To produce grits, corn is
first soaked in a limewater solution, which makes the kernels expand
and then dry out. The swollen hominy hulls and germ are removed before
grinding. Grits are made from the coarsest grind; cornmeal is the medium grind, and masa harina (cornflour) is made from the finest grind.
When water or milk are simmered with grits, the consistency becomes similar to thick oatmeal. For breakfast, butter is added and a bowl is included alongside eggs, bacon, and biscuits.
Native Americans welcomed the first Jamestown
settlers with offerings of hot, soft maize, which they called
“rockahominie.” The dish became a Southern economical necessity during
the Great Depression.
Today, grits remain popular as a comfort food (even in parts of Africa and China),
but their reputation is expanding into more trendy restaurants around
the world. It is assumed in many Southern diners that grits will be
included with any ordered breakfast.
Grits are packaged in three ways:
• Regular - made of larger pellets that require lengthy cooking.
• Quick – these are broken-up pellets of a slightly finer grind for faster preparation.
• Instant – precooked grits that are dried; boiling water is added to rehydrate quickly.
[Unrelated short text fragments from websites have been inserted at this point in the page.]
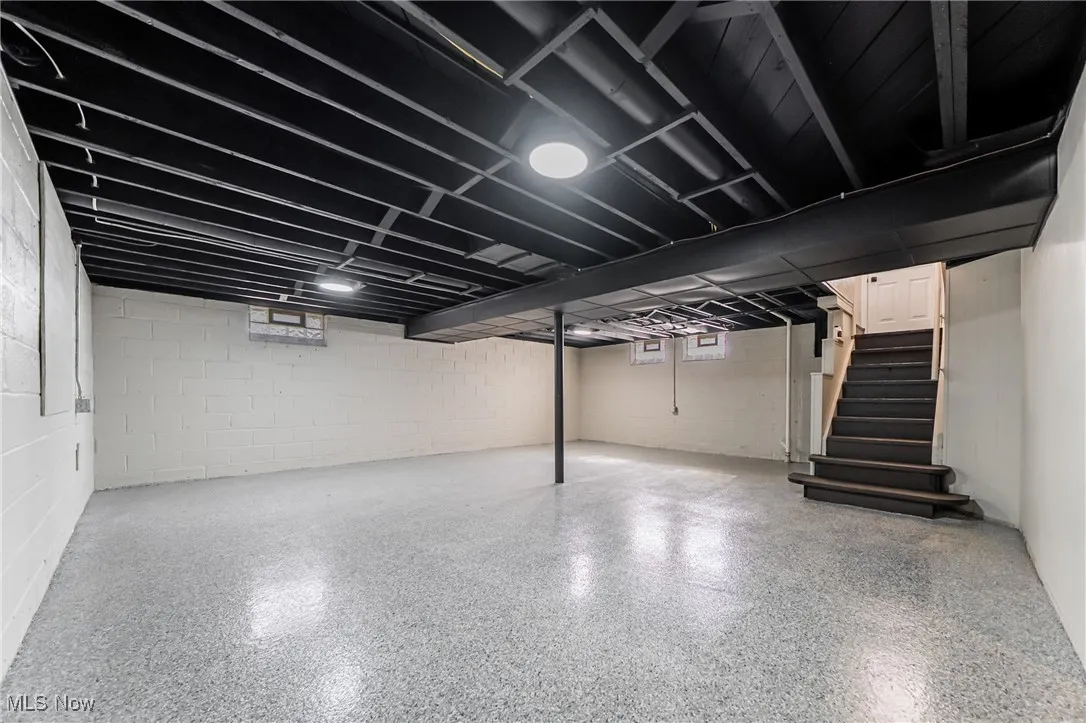 Below grade area with stairway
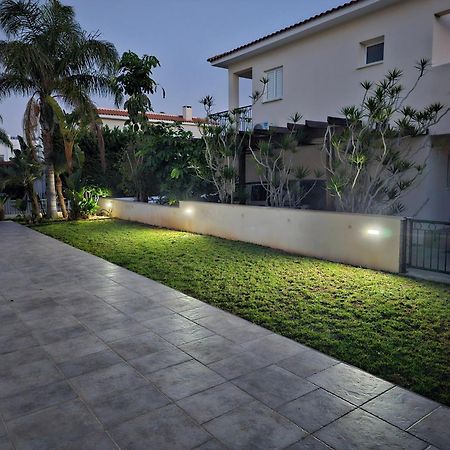 Family Home 普罗塔拉斯 外观 照片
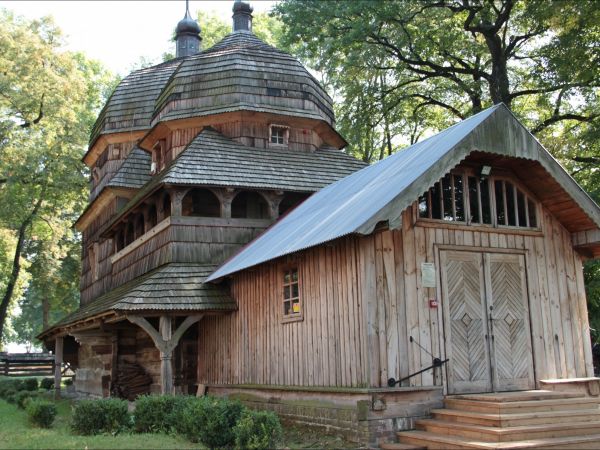 Cerkiew Narodzenia Przenajświętszej Bogurodzicy w Chotyńcu . Zbudowana w 1615 roku.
Packaged, flavored grits are also available.
Grits have a long shelf life of about two years.
• Grits can go with any meal or become a main course. As a simple dish, add cheese and garlic.
• Make “custom” sides for each family member – just include desired ingredients.
• Fry them or bake them with spices for a tasty snack.
• Treat grits like rice or pasta and serve them as a bed for sauces and meats or poultry.